Sinema Islam; Memang Sudah Ada?

Merumuskan sinema Islam merupakan wacana yang mungkin ada baiknya dibahas oleh para pengkaji dan praktisi sinema yang memiliki pandangan-alam (worldview) Islam. Saat ini, di Indonesia, pembuatan karya film yang bersinggungan dengan Islam sangat aktif diproduksi, tapi apakah karya-karya yang besinggungan dengan Islam itu memiliki premis yang dibuat dengan pandangan-alam (worldview) Islam?

Dalam pengamatan saya, tidak semua karya-karya itu betul-betul Islami, walau bentukan cerita, penokohan dan elemen-elemen luar lainnya dibentuk dengan gambaran Islam, tapi tak jarang mereka menggunakan “mata” ideologi lain dalam memproduksi film-film itu, ada yang memang terjadi karena mencari keuntungan dari sisi bisnis semata, ada pula yang jelas-jelas sebuah propaganda ideologi lain yang menggunakan Islam sebagai “sampan”saja.

Mari bercermin dari film Mencari Hilal, film yang diarahkan oleh Ismail Basbeth ini memang berbungkus Islam tapi di dalamnya merupakan propaganda liberalisme (yang dipasang “topeng” Islam). Sebuah film seperti Mencari Hilal harus diakui merupakan konten propaganda ideologi yang baik, sebab mereka membuat gambaran yang mumpuni dan dapat dipercaya walau sebetulnya argumen-argumen dan narasinya layak didebat dan memenangkan satu sisi pemikiran saja (memang seperti itu sifat propaganda), ditambah dengan penggarapan estetik dan teknis yang tepat, sehingga propaganda dari mereka akan masuk ke otak penontonnya jika penonton menonton dengan kondisi bagai lembar kosong.

Lalu, seperti apa harusnya sinema Islam dipandang?
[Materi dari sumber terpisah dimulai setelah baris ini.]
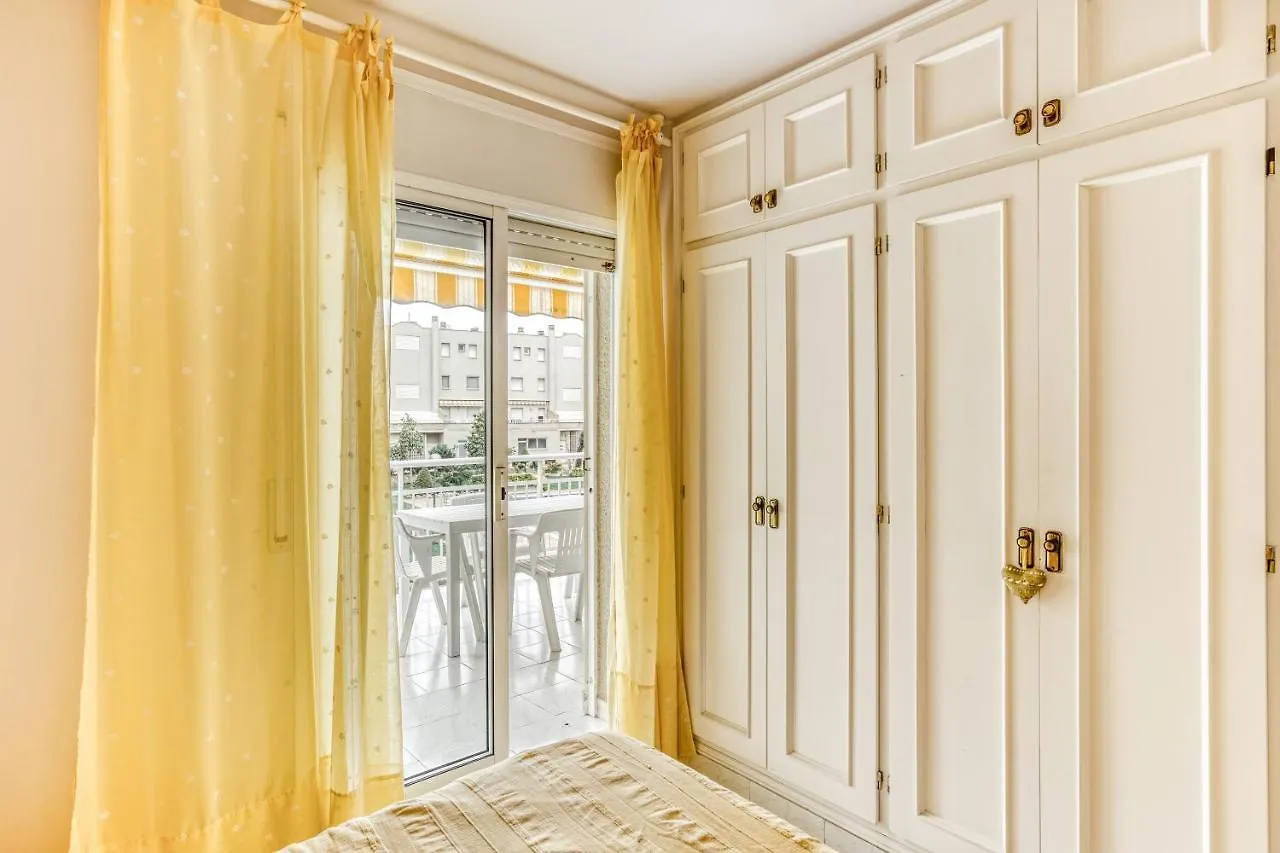 Els Pins Apartman L' Escala 0*,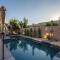 The Crescendo Stylish Modern Pool Home - إنديو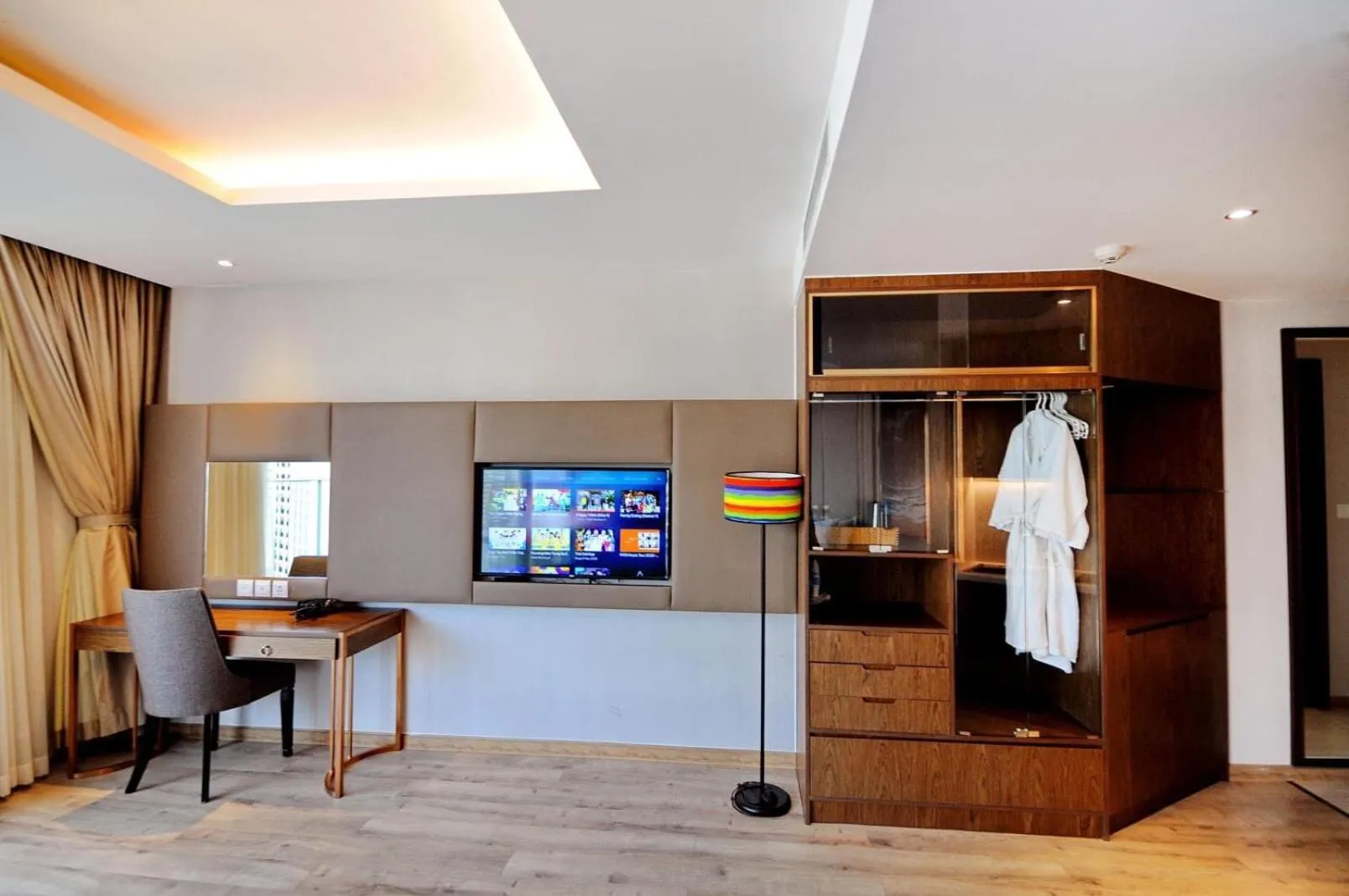 RIS Panorama Condotel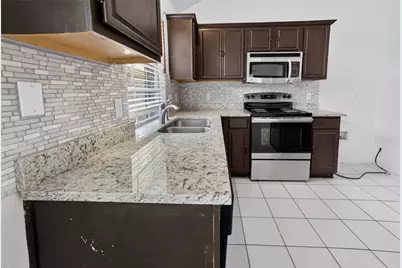 1025 Highland Station Drive, Saginaw, TX 76131 - Photo 13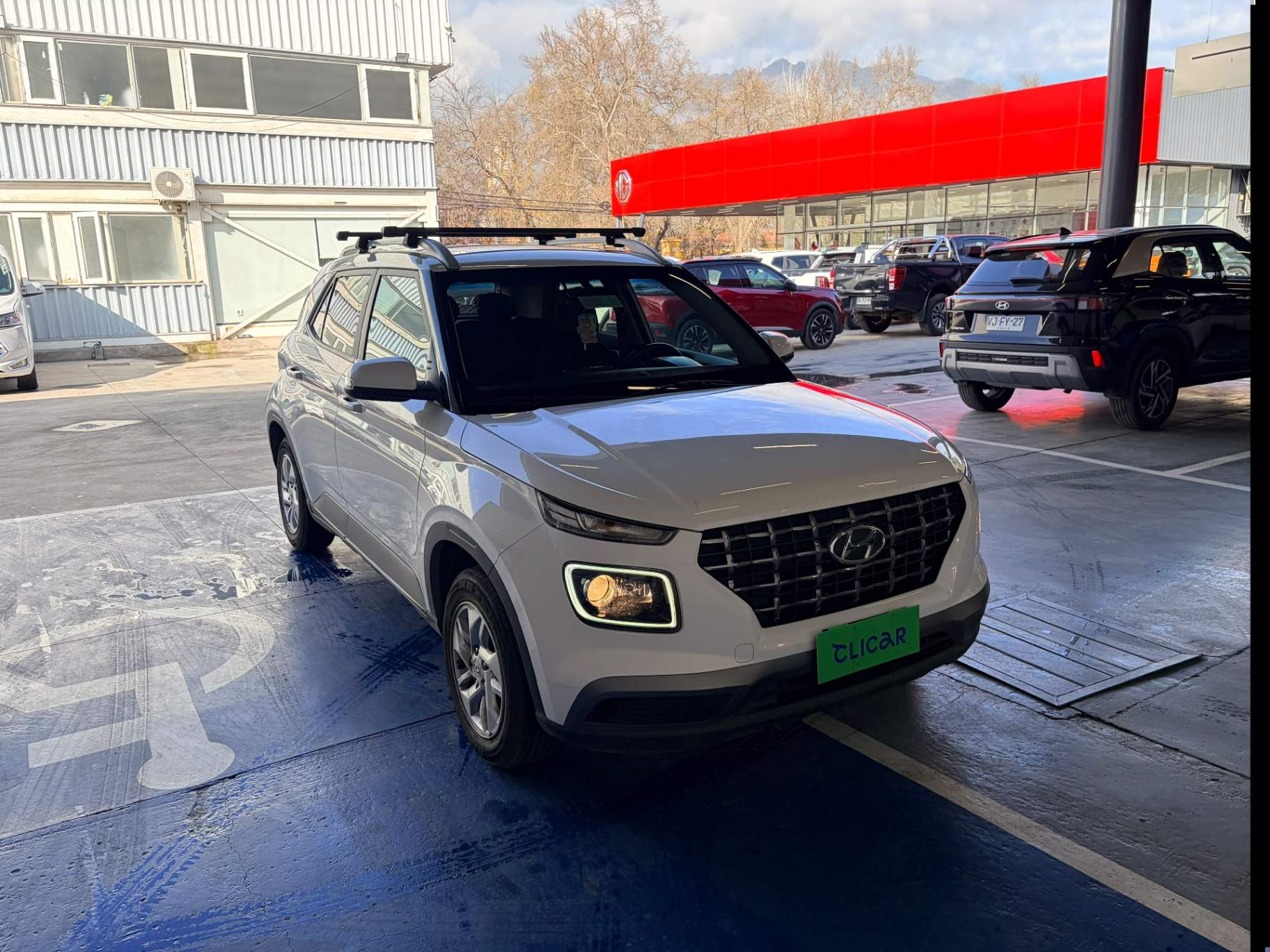 HYUNDAI - 1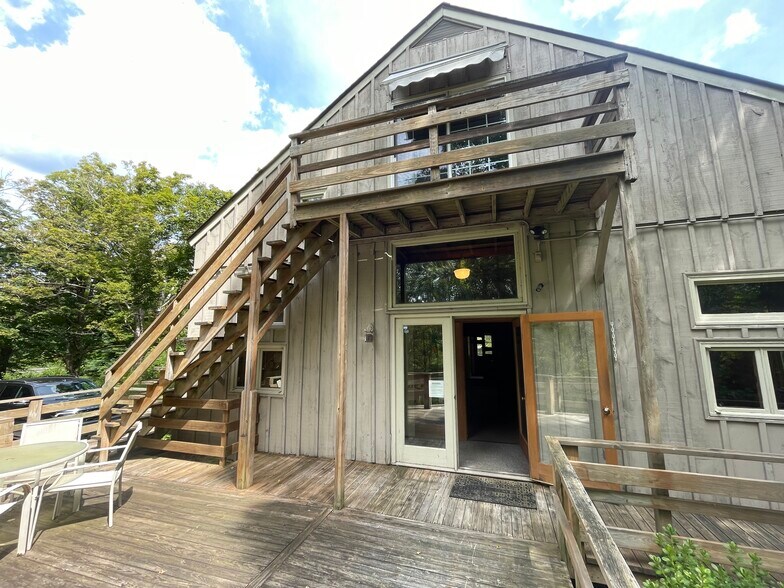 More Photos Of 167 Baxter Rd, Storrs Mansfield Office For Sale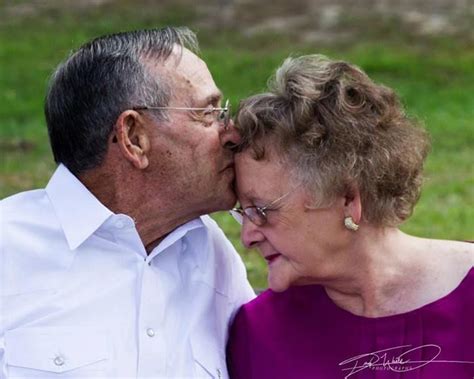 Cute Old Couple Photos Love Photoshoot Photography Kiss On Forehead Old Couple Photography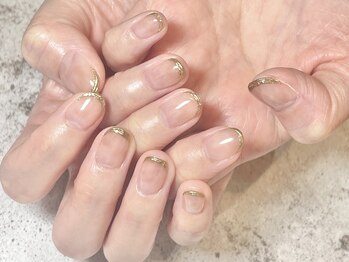 ミオ 阿佐ヶ谷店(mi.o)の写真/シンプルオフィス系が得意★ショートネイルでも目を惹く華やかさ♪阿佐ヶ谷駅/荻窪駅/ネイル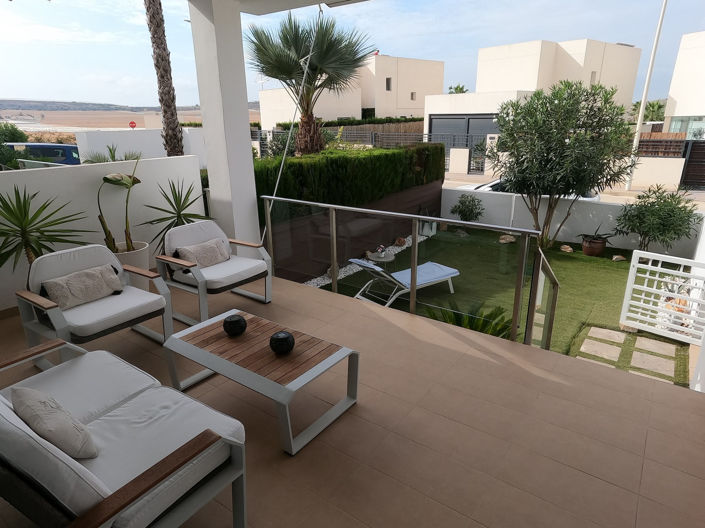 Image No.27-2 Bed Apartment for sale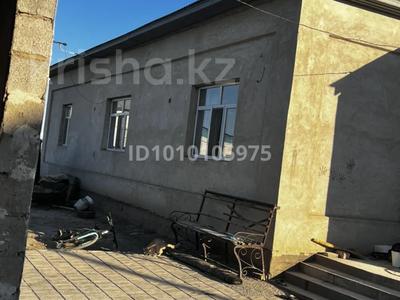 Жеке үй · 5 бөлме · 140 м² · 11 жүзд., Акбастау 87 — Р-н ЦКЗ, Абзал и К., бағасы: 25 млн ₸ в 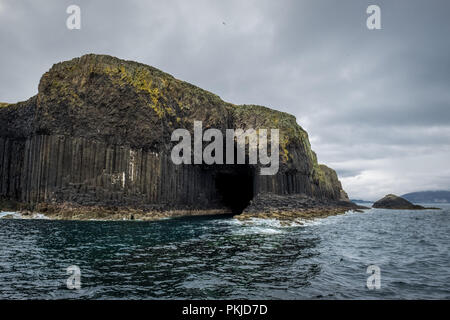 Panoramablick auf Staffa Insel und Boot vor der Küste Schottlands, Montag, 9. April 2018, Isle of Mull, Schottland Stockfoto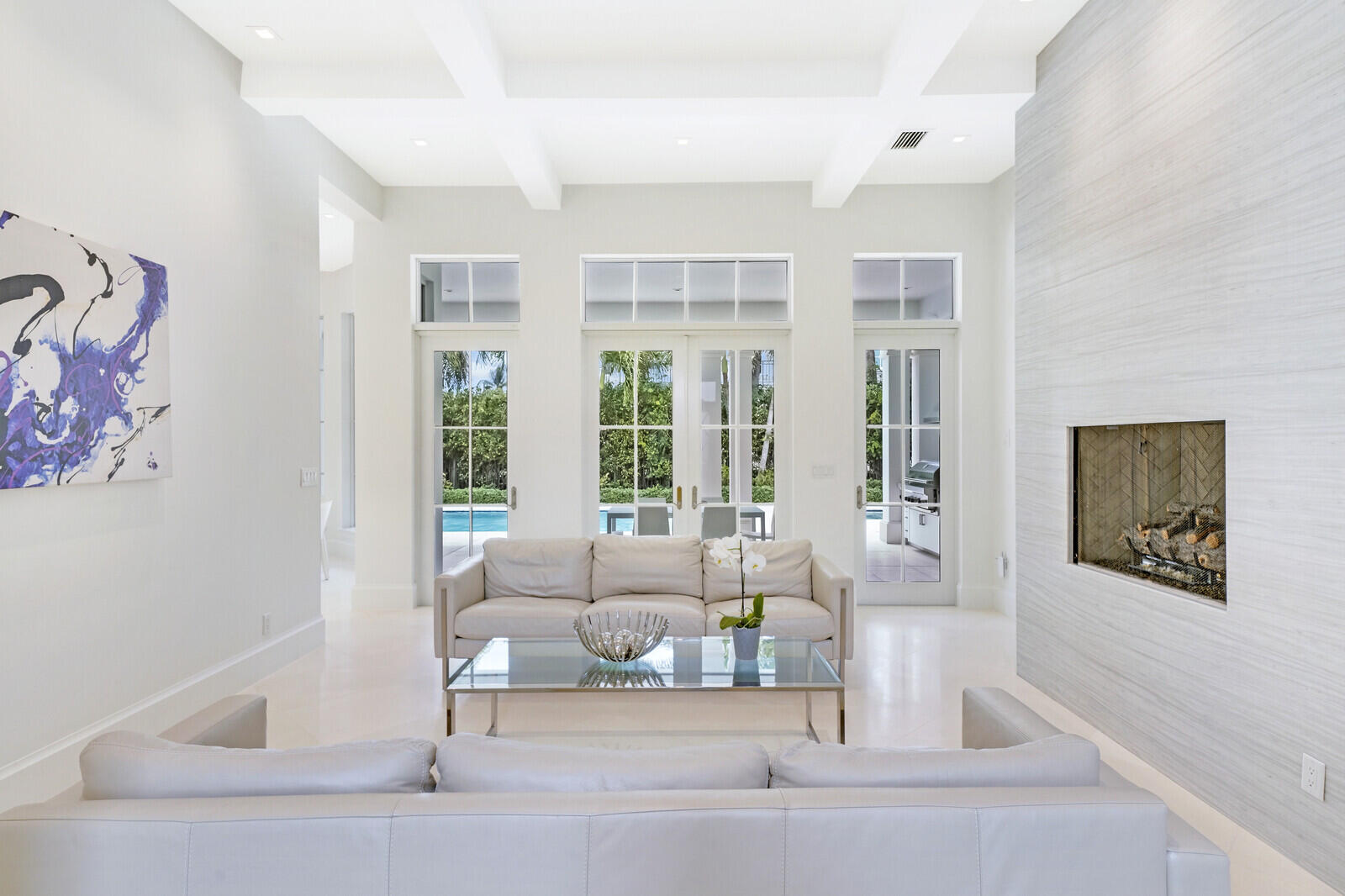 ROYAL PALM YACHT & COUNTRY CLUB - Residential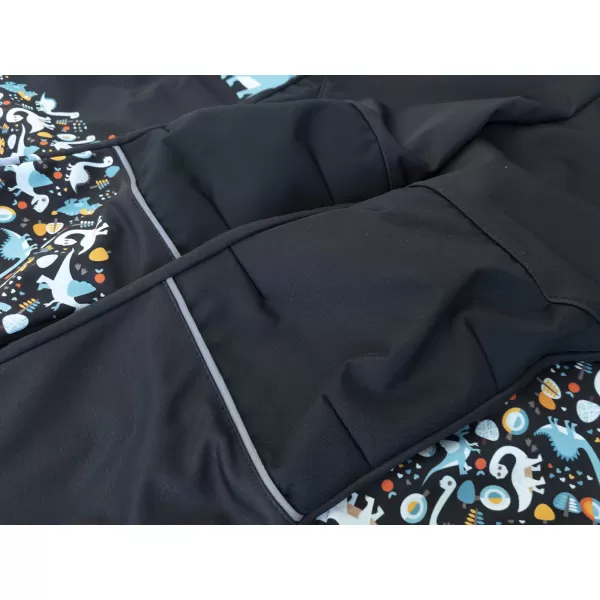  Dječje softshell hlače izolirane WAMU DINOSAUŘI CRNI 
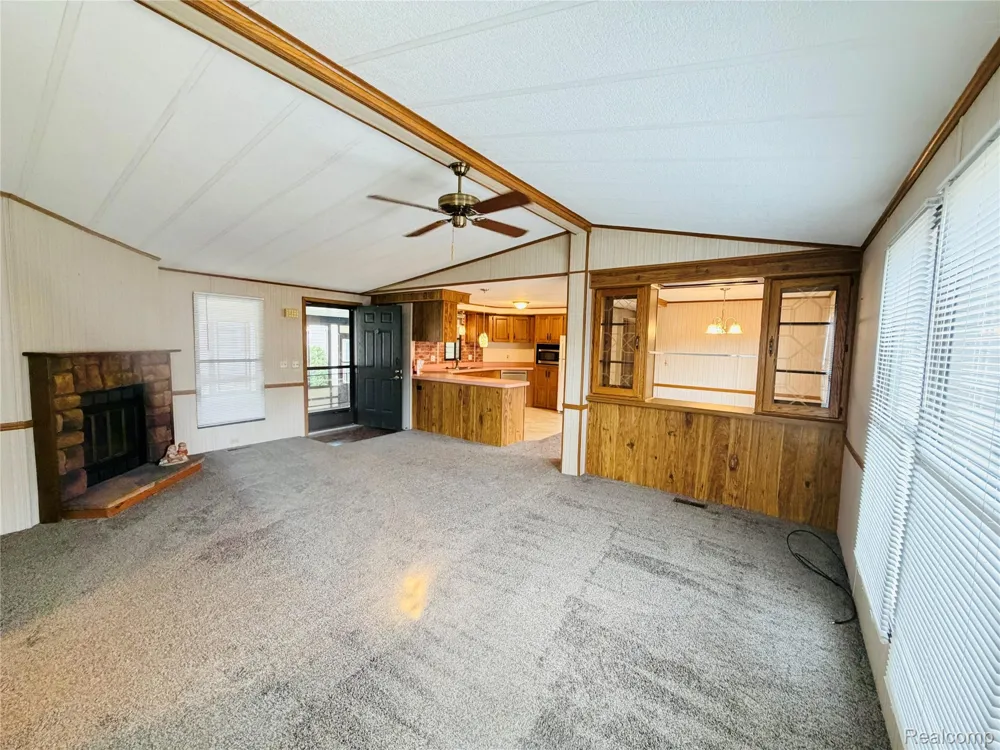 2663 Chickadee Street Rochester Hills City, MI 48309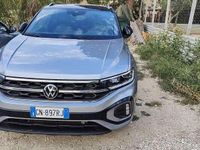 Usata VW T-Roc R-line 116 CV (85 kW) 2023 Grigio SUV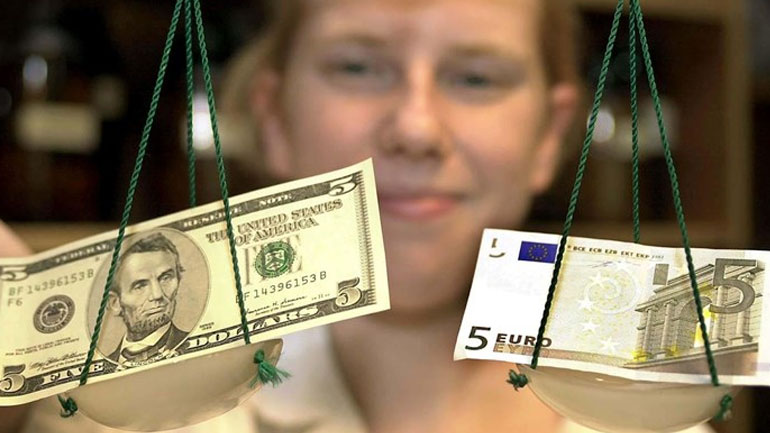 Οριακή άνοδο σημειώνει το ευρώ έναντι του δολαρίου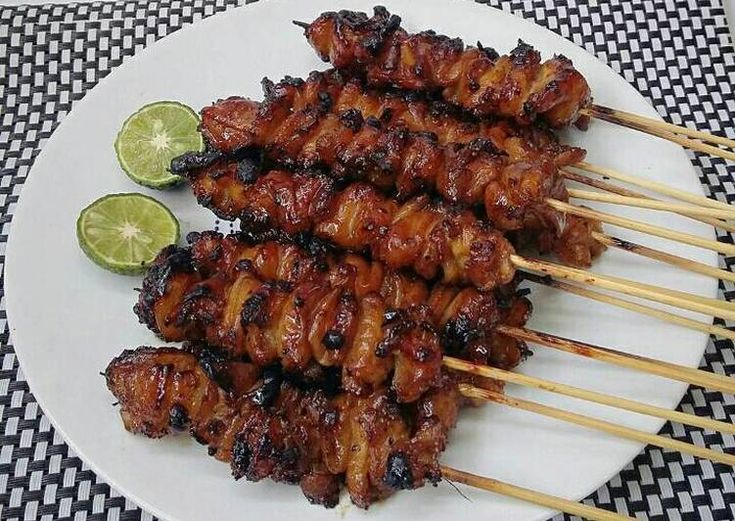 ENAK: Gurih renyah dan menggugah selera sate kulit jadi pilihan tepat untuk pecinta cita rasa khas Nusantara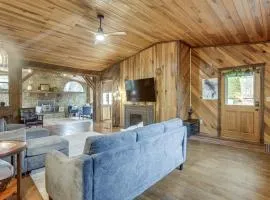 Great for Groups! Spacious Melcroft Home w/ Deck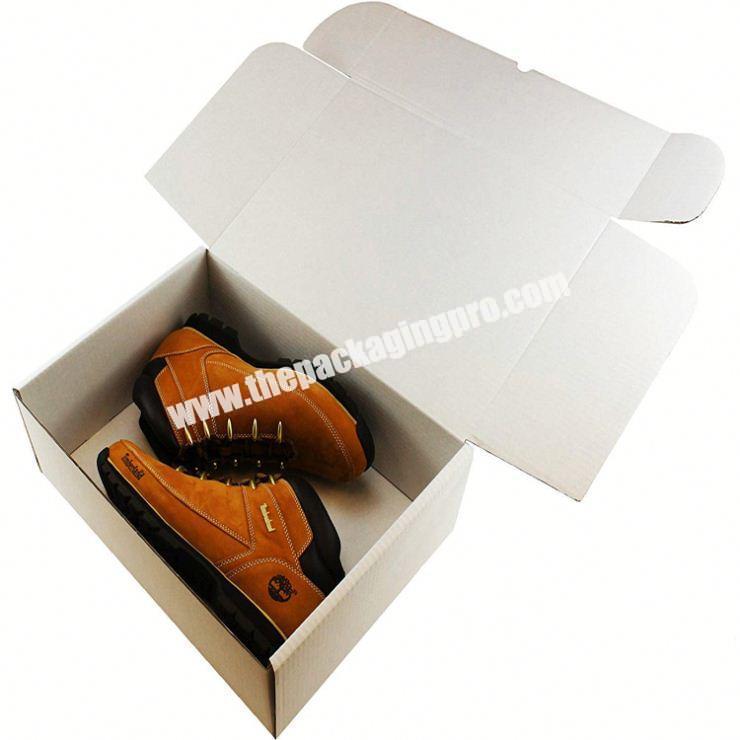 Corrugated kraft paper box and packaging box for shoes and clothes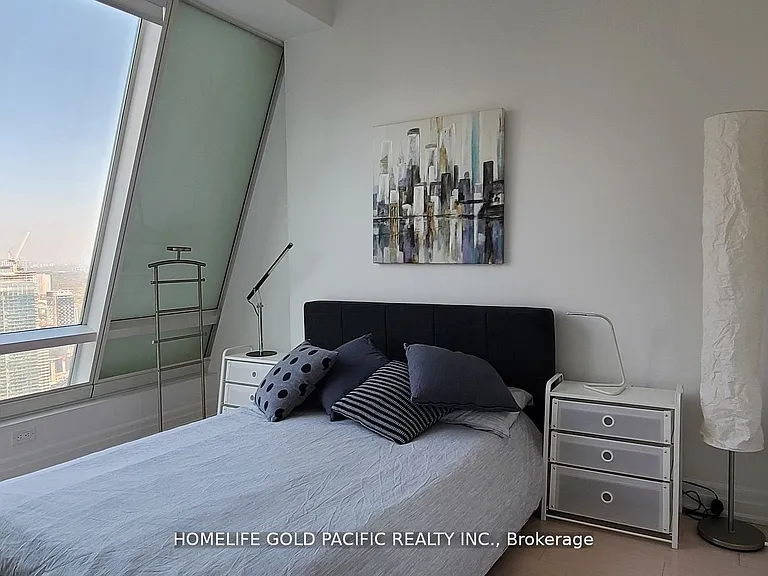 8 The Esplanade #5406 — Photo 11
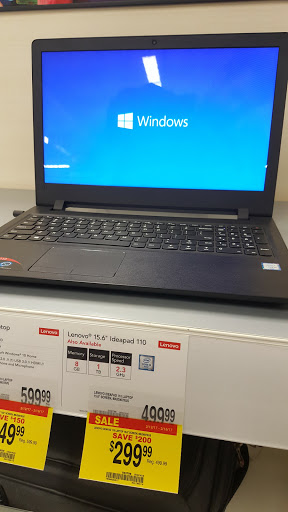 Auto Parts Store «AutoZone», reviews and photos, 1985 SE Tualatin Valley Hwy, Hillsboro, OR 97123, USA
Dalam sejarahnya, sinema dunia di bentuk bedasarkan negara-negara yang menjadi founding father sinema itu sendiri, tiap negara-negara yang itu mempunyai citra sendiri terhadap sinemanya seperti Amerika, Prancis, Rusia, Jerman, dan Italia memiliki kekhasan, pembeda ciri sinema tiap-tiap negara itu ada di form dan style-nya. Tentu unuk membetuk sinema Islam yang kita perlukan adalah merumuskan seperti apa form dan style sinema Islam itu sendiri, sehingga akan tercipta ciri yang akan dirasakan oleh tiap penonton bagi semua film Islam.

Lalu apa dasar dalam perumusan form dan style tersebut? Tentu yang menjadi dasarnya adalah pandangan-alam Islam (worldview of Islam), hal ini akan mempengaruhi segala lini pembuatan film, bukan hanya form dan style, bahkan akan mempengaruhi sistem produksi, misalnya dengan pandangan-alam Islam; aktor-aktris yang tidak diperbolehkan bersentuhan oleh hukum agama, maka tidak akan bersentuhan dan dengan mengandalkan nilai kreatifitas pembuat film tersebut tidak perlu takut kehilangan nilai realistis jika mereka hendak mengarahkan movement ke realisme.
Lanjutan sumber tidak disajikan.